He shrugged his shoulders in token, not of consent, but of surrender, knowing the uselessness of attempting to argue the question with her, and consoling himself with the reflection that heaven alone knew what adventures she was liable to engage in if left alone on Berande for a week. He clapped his hands, and for the next quarter of an hour the house-boys were kept busy carrying messages to the barracks. A man was sent to Balesuna village to command old Seelee’s immediate presence. A boat’s-crew was started in a whale-boat with word for Boucher to come down. Ammunition was issued to the Tahitians, and the storeroom overhauled for a few days’ tinned provisions. Viaburi turned yellow when told that he was to accompany the expedition, and, to everybody’s surprise, Lalaperu volunteered to take his place.

Seelee arrived, proud in his importance that the great master of Berande should summon him in the night-time for council, and firm in his refusal to step one inch within the dread domain of the bushmen. As he said, if his opinion had been asked when the gold-hunters started, he would have foretold their disastrous end. There was only one thing that happened to any one who ventured into the bushmen’s territory, and that was that he was eaten. And he would further say, without being asked, that if Sheldon went up into the bush he would be eaten too.

 

Sheldon sent for a gang-boss and told him to bring ten of the biggest, best, and strongest Poonga-Poonga men.

“Not salt-water boys,” Sheldon cautioned, “but bush boys – leg belong him strong fella leg. Boy no savvee musket, no good. You bring ’m boy shoot musket strong fella.”

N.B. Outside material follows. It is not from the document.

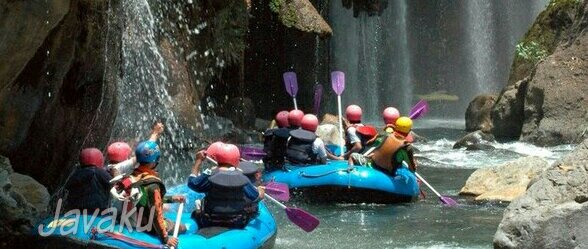 Surabaya Bromo Rafting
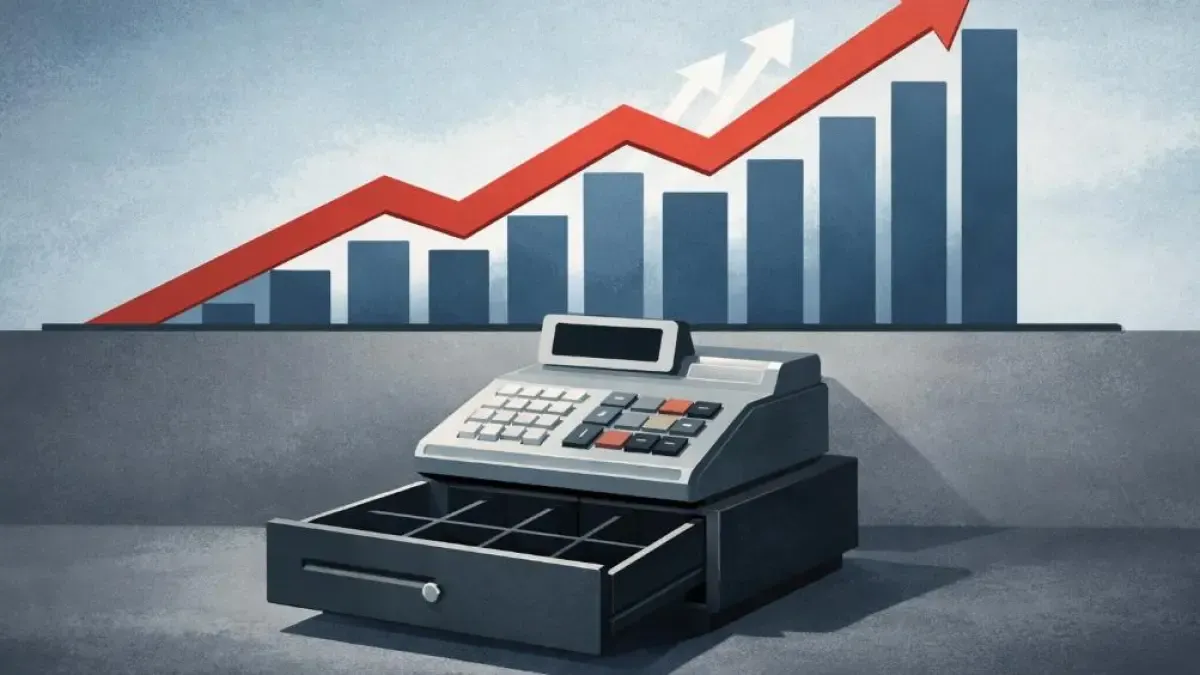 Las 10.000 empresas más grandes del país registraron ingresos por $1.852,9 billones, equivalentes al 99,9% del PIB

They were ten picked men that filed up on the veranda and stood in the glare of the lanterns. Their heavy, muscular legs advertised that they were bushmen. Each claimed long experience in bush-fighting, most of them showed scars of bullet or spear-thrust in proof, and all were wild for a chance to break the humdrum monotony of plantation labour by going on a killing expedition. Killing was their natural vocation, not wood-cutting; and while they would not have ventured the Guadalcanal bush alone, with a white man like Sheldon behind them, and a white Mary such as they knew Joan to be, they could expect a safe and delightful time. Besides, the great master had told them that the eight gigantic Tahitians were going along.

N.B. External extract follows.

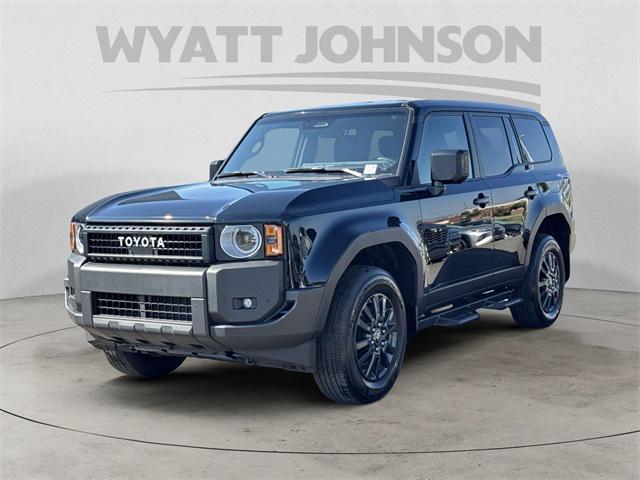 used 2024 Toyota Land Cruiser car, priced at $55,364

The Poonga-Poonga volunteers stood with glistening eyes and grinning faces, naked save for their loin-cloths, and barbarously ornamented. Each wore a flat, turtle-shell ring suspended through his nose, and each carried a clay pipe in an ear-hole or thrust inside a beaded biceps armlet. A pair of magnificent boar tusks graced the chest of one. On the chest of another hung a huge disc of polished fossil clam-shell.

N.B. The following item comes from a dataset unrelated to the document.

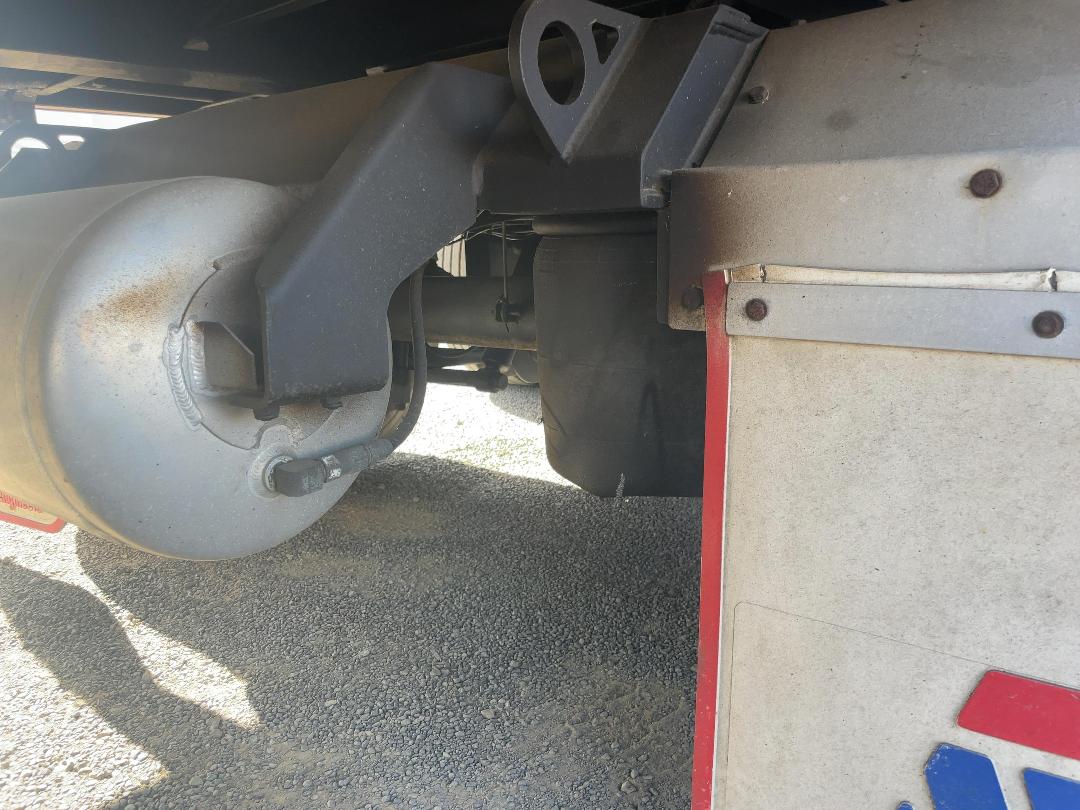 Photo '25' of ROADMASTER FG 5A-11.5 Curtainsider Full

“Plenty strong fella fight,” Sheldon warned them in conclusion.

They grinned and shifted delightedly.

“S’pose bushmen kai-kai along you?” he queried.

“No fear,” answered their spokesman, one Koogoo, a strapping, thick-lipped Ethiopian-looking man. “S’pose Poonga-Poonga boy kai-kai bush-boy?”

Sheldon shook his head, laughing, and dismissed them, and went to overhaul the dunnage-room for a small shelter tent for Joan’s use.

CHAPTER XXIV – IN THE BUSH

It was quite a formidable expedition that departed from Berande at break of day next morning in a fleet of canoes and dinghies. There were Joan and Sheldon, with Binu Charley and Lalaperu, the eight Tahitians, and the ten Poonga-Poonga men, each proud in the possession of a bright and shining modern rifle. In addition, there were two of the plantation boat’s-crews of six men each. These, however, were to go no farther than Carli, where water transportation ceased and where they were to wait with the boats. Boucher remained behind in charge of Berande.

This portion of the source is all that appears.